De mentas, se lo describe como de altura respetable, traje negro, camisa blanca, corbata negra e infaltable sombrero de copa. Se imponía por presencia, y le abrían cancha a su paso firme y bien plantado. Si le hacía falta un malevo a la Esquina Colorada, dicen que lo encontró en este hombre, a quien se lo tuvo por reconocido personaje de los tiempos aquellos, en que nuestros padres comenzaban a abrirse camino en la vida.
Un buen día murió. Ya estaba retirado y sus últimos años los pasó solo. Entreverado entre los recuerdos y la visita de viejos amigos que solían arrimarse a su rancho a rumiar los tiempos del malevaje, que ya a esa altura, años sesenta, eran cosa del pasado. No había un peso para el velorio, y nadie a quien preguntar qué hacer con el finado. Entre la muchachada se corrió la voz, y no había otra que hacerse cargo de ese hombre que merecía un digno final. Al "zurdo" Alaniz, le encomendaron la tarea de correrse hasta el kiosco de la esquina, para manguear algunos pesos entre la solidaridad del vecindario. El kiosco le había pertenecido a Alaniz, que lo vendió al Aroca y el "Niño" Martínez, que habían ganado la lotería. Ese era el lugar de referencia para todos los encuentros importantes por estos lados.

La recaudación fue para buena, y de la voluntad favorable de Juan Carlos Vallejo, del gremio municipal y presidente de Del Bono, se obtuvo un cajón decoroso, así como de un furgón para llevarlo hasta el Cementerio de la Capital.

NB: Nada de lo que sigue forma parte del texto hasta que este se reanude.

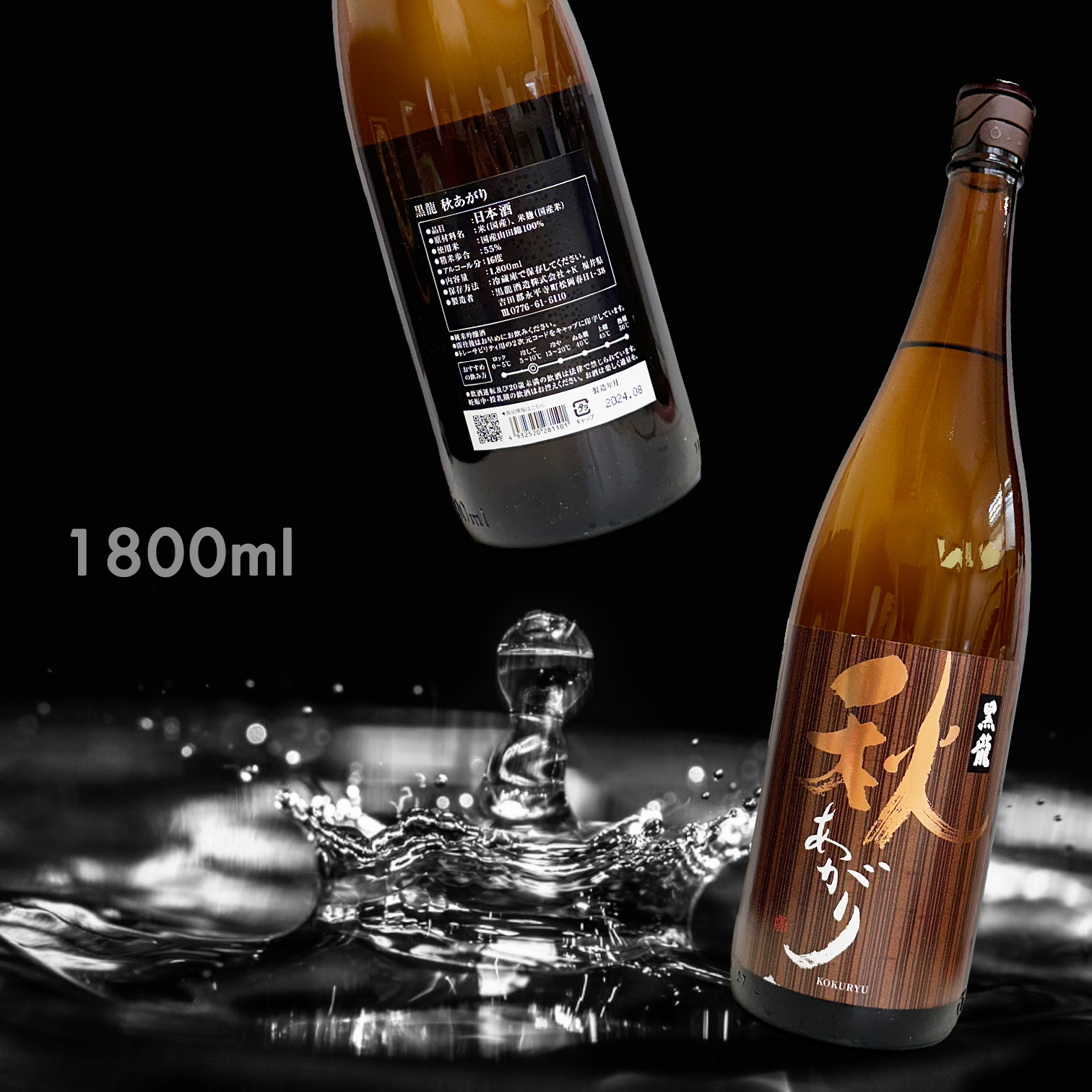 黑龍 秋あがり 純米吟釀 (1.8L) (季節限定)
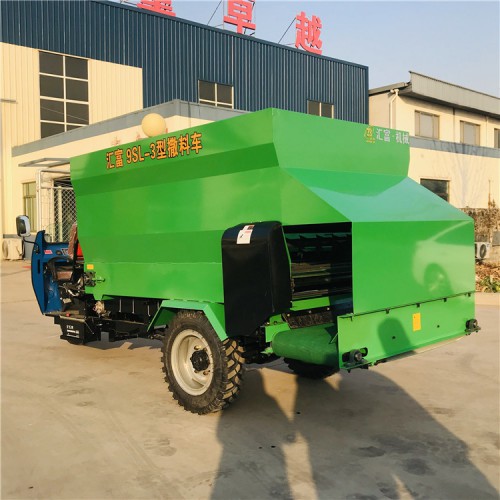 养殖用撒料车 新一代三轮撒料车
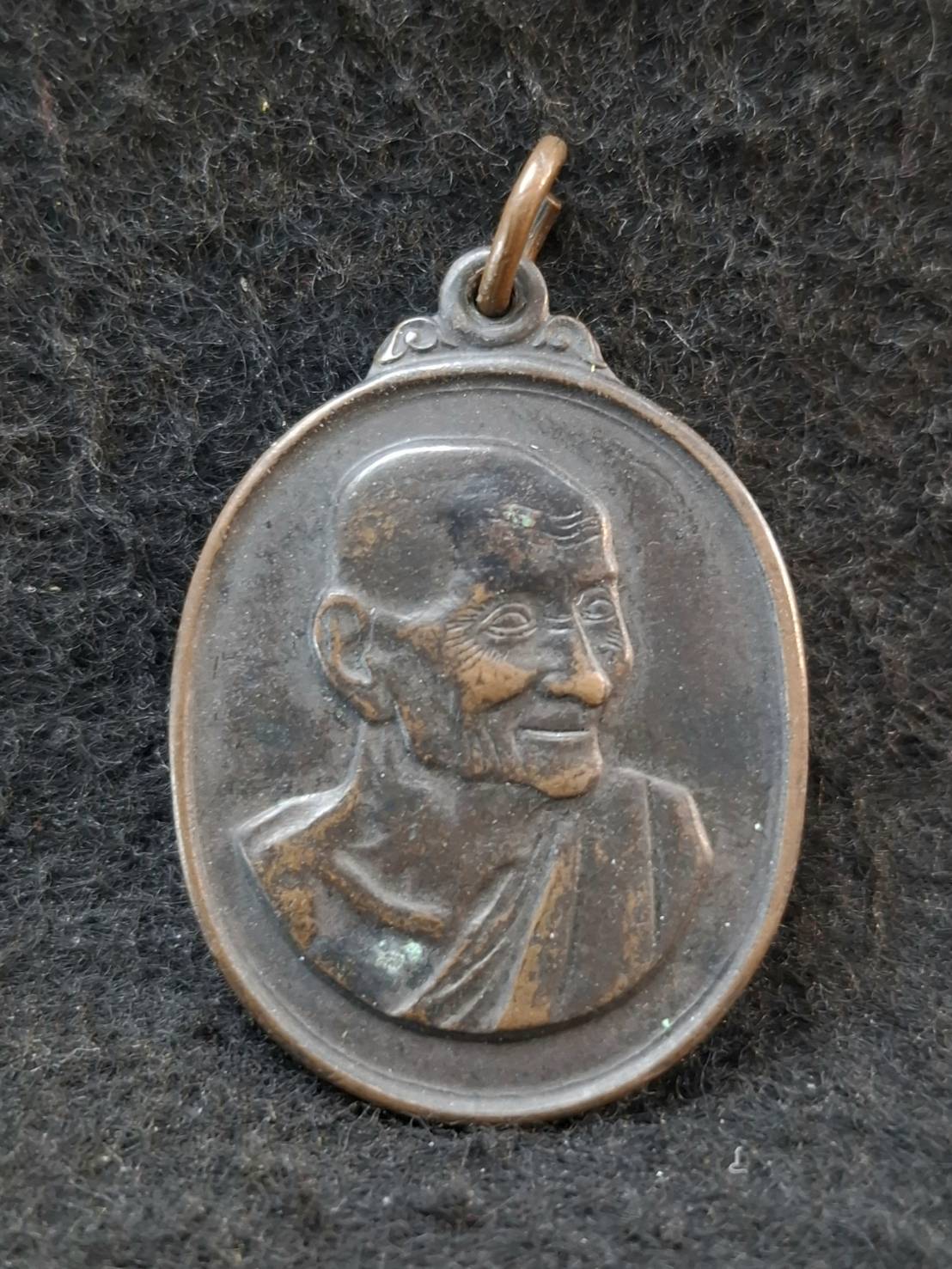 เหรียญหันข้าง หลวงพ่อเต๋ คงทอง วัดสามง่าม จ.นครปฐม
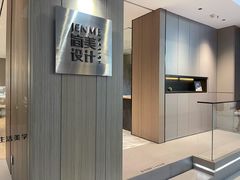-JENME现代家具(维家思店)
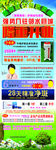 美容展架
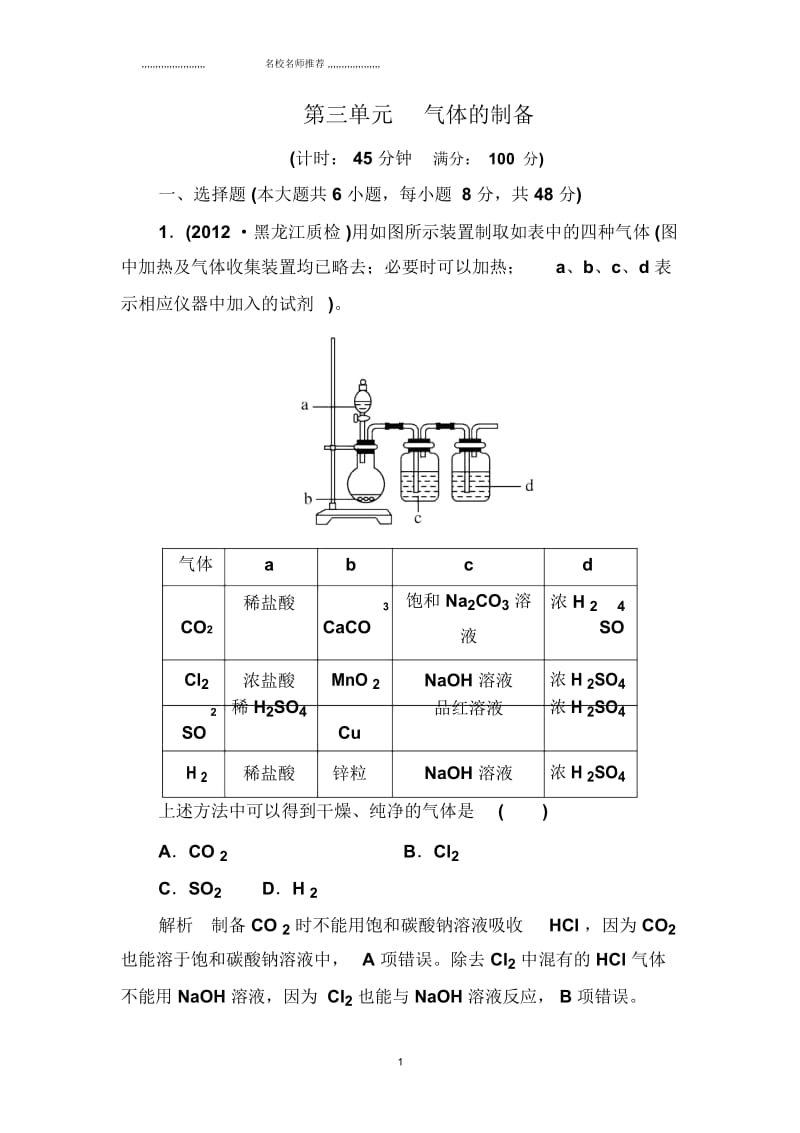 高考化学(苏教版)大一轮复习课时训练：专题10第三单元气体的制备.docx_第1页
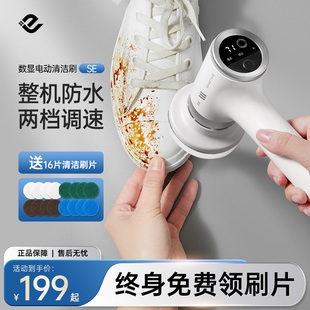 悠拭电动鞋 器 刷洗鞋 子神器自动手持多功能清洁刷子家用防水刷鞋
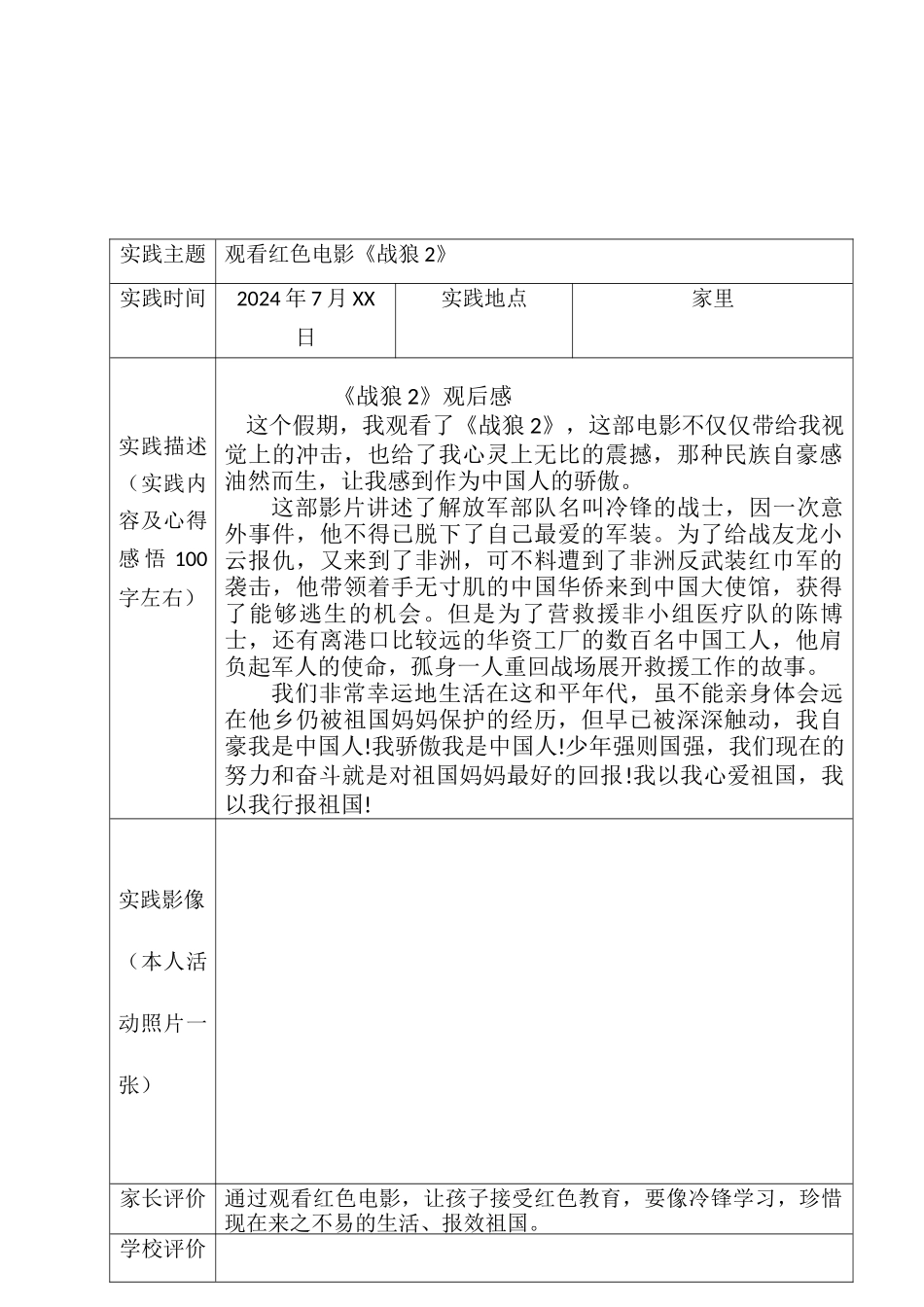 2024年小学生暑假实践表_第2页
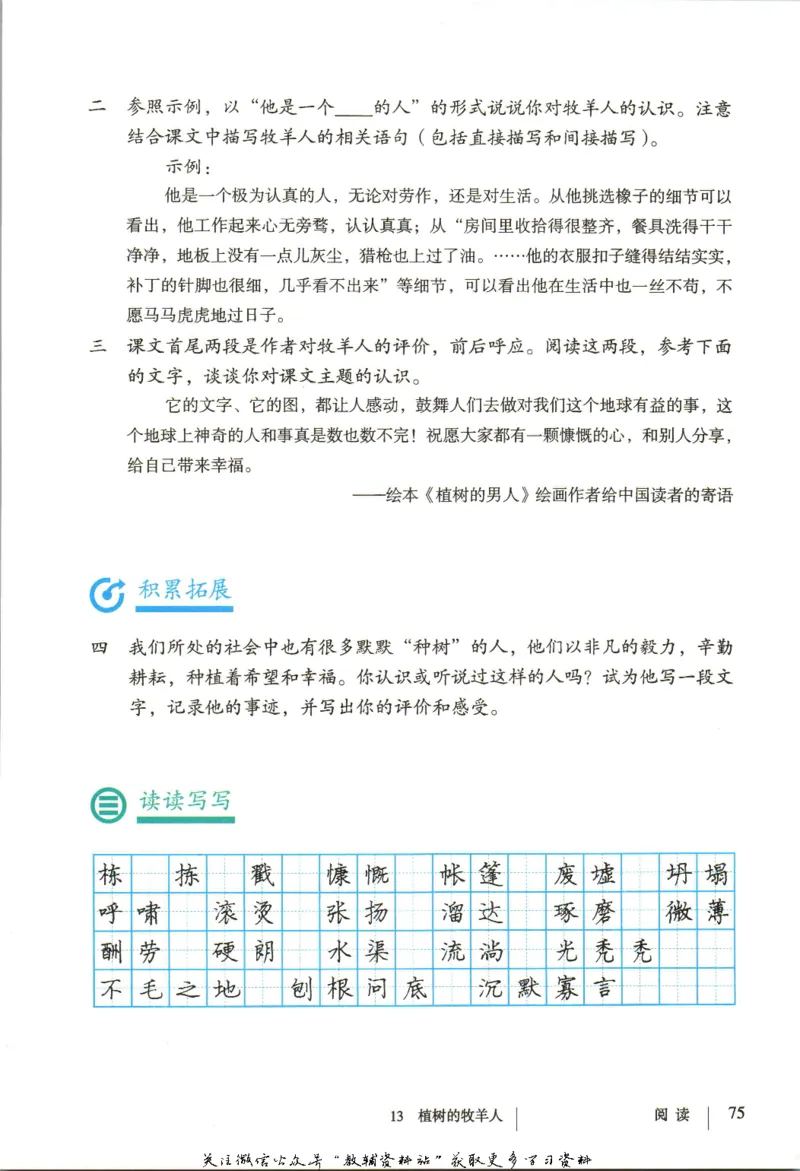 七年级上册语文五四制电子课本_4-教培资料-26年最新资料-同步更新_初中高中教资_03科三专项（进去保存报考的学科即可）_02科三专项（笔记真题思维导图教学设计版本二）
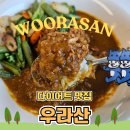 독특 | 대전 중구청 맛집 분위기 독특한 우라산 카레 후기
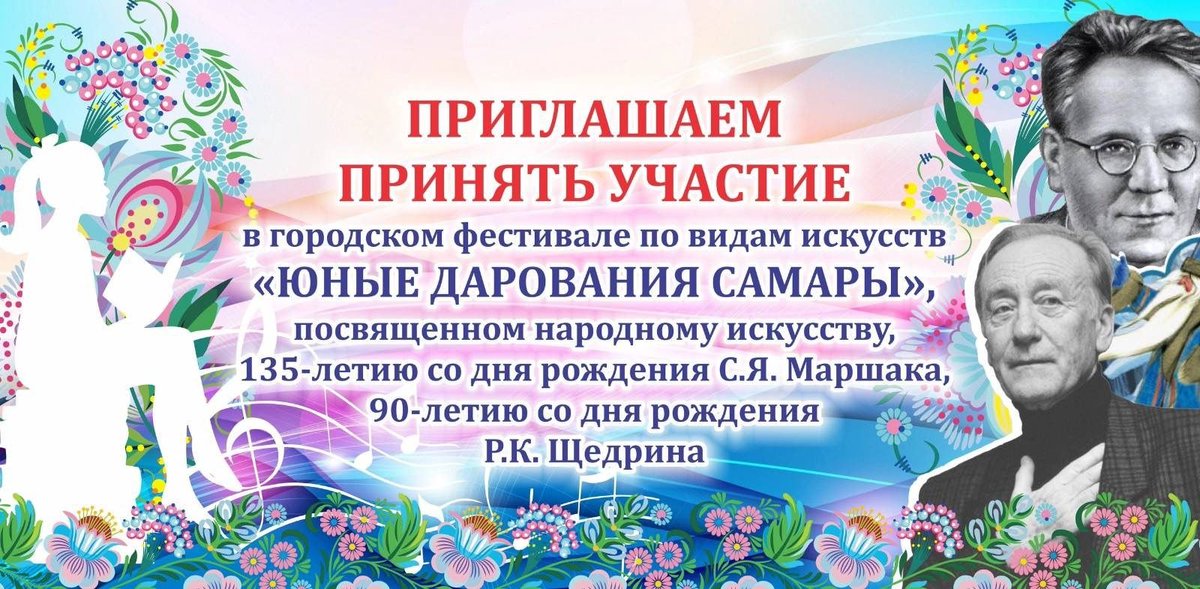 Фестиваль  проводится по следующим номинациям:        ✅художественное чтение (стихи, проза);      
✅сольное пение, ансамблевое (хоровое) и фольклорное пение;                                      ✅театральное творчество;
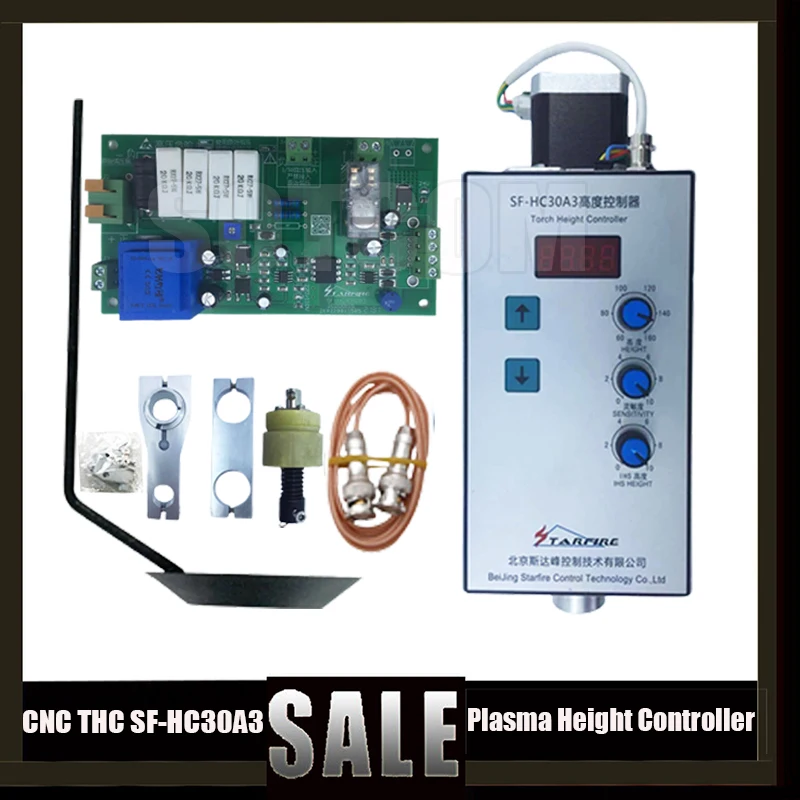 CNC SF-HC30A3 height controller for automatic arc and hood cutting torch height adjuster for plasma and flame cutting machines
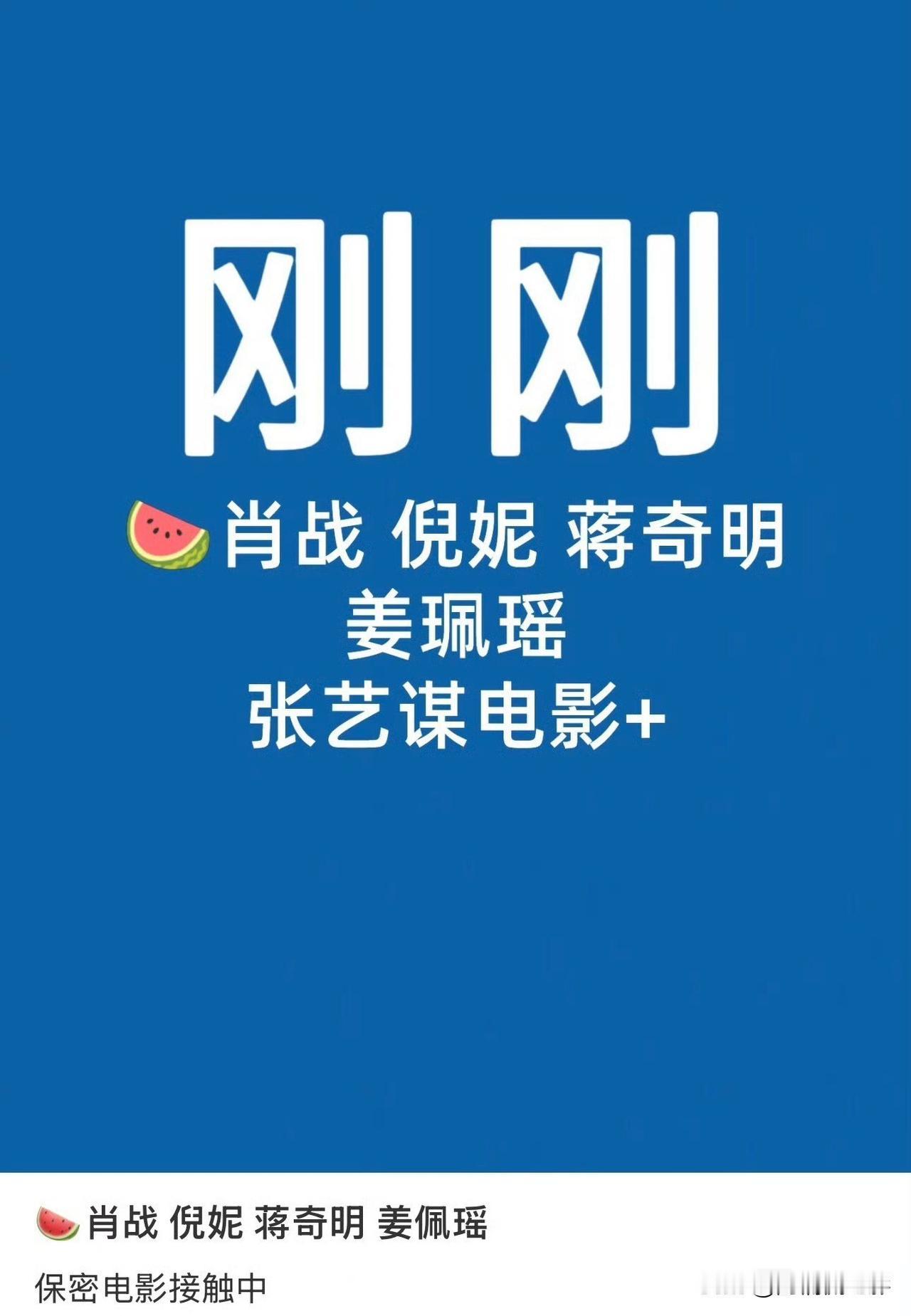 网传张艺谋新片《守秘者》有意和肖战合作，不少观众对此十分不看好，始终质疑肖战的演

Entre Alaniz y los otros comedidos, unidos por el afán de ayudar, advirtieron que la plata alcanzaba para animarse a un asado y así pasar la noche en vela, como antaño era común. Del mercadito de la "Chiquita" Pereira trajeron varios kilos de carne, así como todo el stock de vino, calculado en alrededor de diez damajuanas. Se armó un velorio que tuvo pasajes memorables. Lo que ya era un festín, donde reinaba la carcajada y nadie bajaba la voz en honor del muerto. Pero este seguro que estaba feliz, luciendo sus negras prendas de hombre preparado para el entrevero. Pensaría que todo estaba bien así, dentro de ese "jonca" humilde, con el que se perdería en la noche de los tiempos. Al otro día partió el cortejo, primero a pulso y luego en el furgón. Todo el vecindario salió a la calle a despedir a "don Emérito", cuya memoria quedó grabada para siempre entre los habitantes de aquel cálido arrabal.